Chronic Disease Accounts for 75 Percent of Health Care Costs in the U.S.
WASHINGTON, Feb. 26 /PRNewswire-USNewswire/ -- In his address to the nation President Obama was clear in his vision, forceful in his intent, but realistic about the challenges the country faces when it comes to health care reform. In making his case to the American public he clearly identified the true driver of health care costs, which is critical to solving the problem -- and that driver is chronic and preventable disease, said Ken Thorpe, Ph.D., Executive Director of the Partnership to Fight Chronic Disease, and Chair of the Department of Health Policy and Management at
"Knowing what the problem is that needs to be fixed is critical to any reform plan, and President Obama clearly identified what that problem is - high and rising cost of chronic diseases likes diabetes and heart disease. These illnesses fuel demand for health care services and treatments in this country, which in turn cause costs to rise. We can reduce demand by preventing and better managing disease, which would reduce the catastrophic illnesses that unmanaged disease can cause. We can eliminate costs, not just postpone them or push them off," Thorpe said.
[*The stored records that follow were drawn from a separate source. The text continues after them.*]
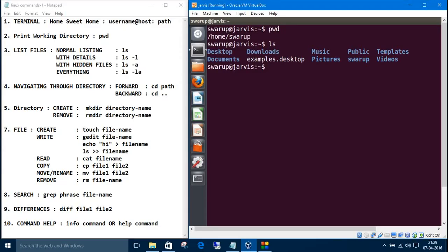If I want to go inside the Desktop, I'll navigate inside Desktop using the cd command. You don't need to type the full name, just press Tab and it will give the options.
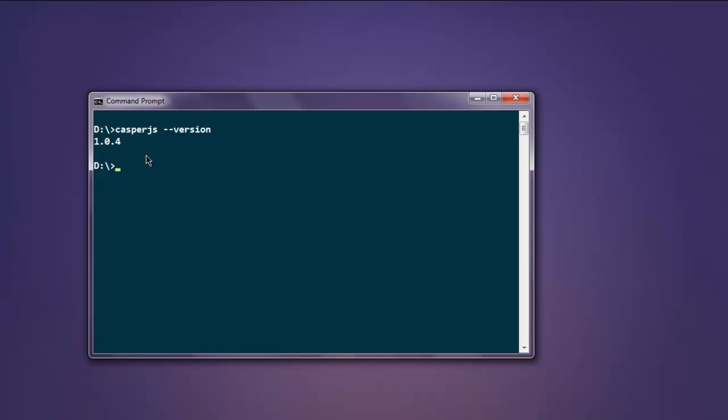On your command prompt, do note that CasperJS requires installation of PhantomJS as it's dependent on PhantomJS, so you need to have that installed. I also have PhantomJS installed.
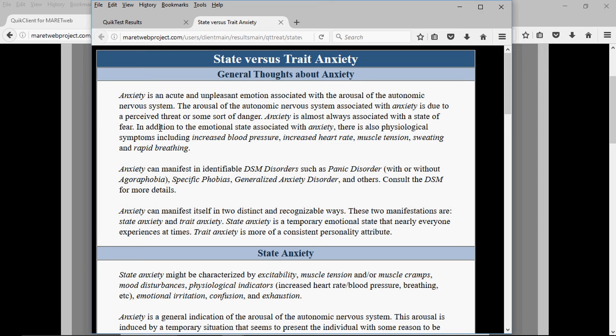There are some DSM disorders that might be associated with anxiety, including panic disorder, generalized anxiety disorder, specific phobias, agoraphobia, and things like that.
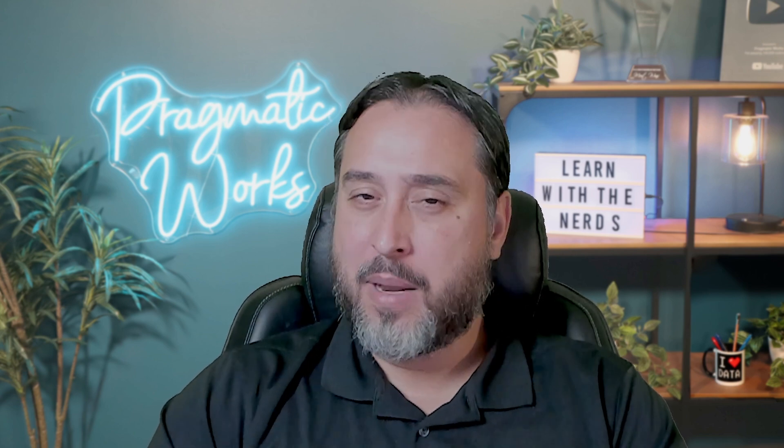Hello and welcome everyone. My name is Manuel Quintana with Pragmatic Works and in today's video we're going to revisit a topic that my colleague Austin Leibel had done about 10 months ago around shortcuts and Fabric.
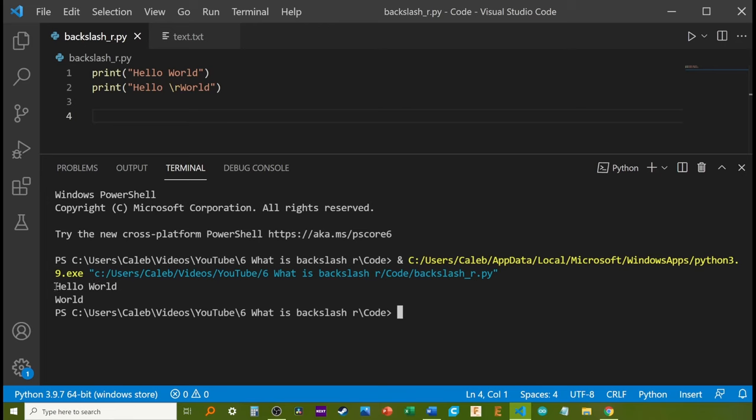Notice the difference in the output. The first one prints hello world as expected. But for the second one, it's only displaying world.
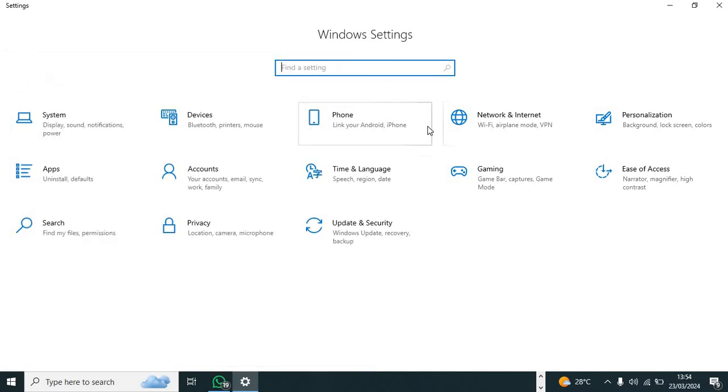So those are some of the simplest ways that you can use to open Task Manager in your Windows laptop. Thank you.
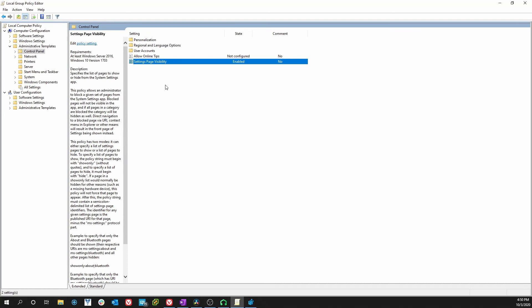Now you could pretty much do this with any setting, not just check for updates. I will provide a link in the description to show you what all of those are. It has a list of features that you can hide or show or show only.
"We need systemic reform in how we deliver care, not mere tactical changes such as reductions in reimbursement rates, which only postpone or shift costs. In this challenge we call on the influential CBO to recognize the evidence that reducing the incidence of disease, especially chronic disease, can improve health outcomes and eliminate costs," Thorpe concluded.
Chronic diseases, such as diabetes, heart disease, and cancer, are extraordinarily costly in terms of the impact on Americans' health, their wallets and the U.S. economy, according to the PFCD.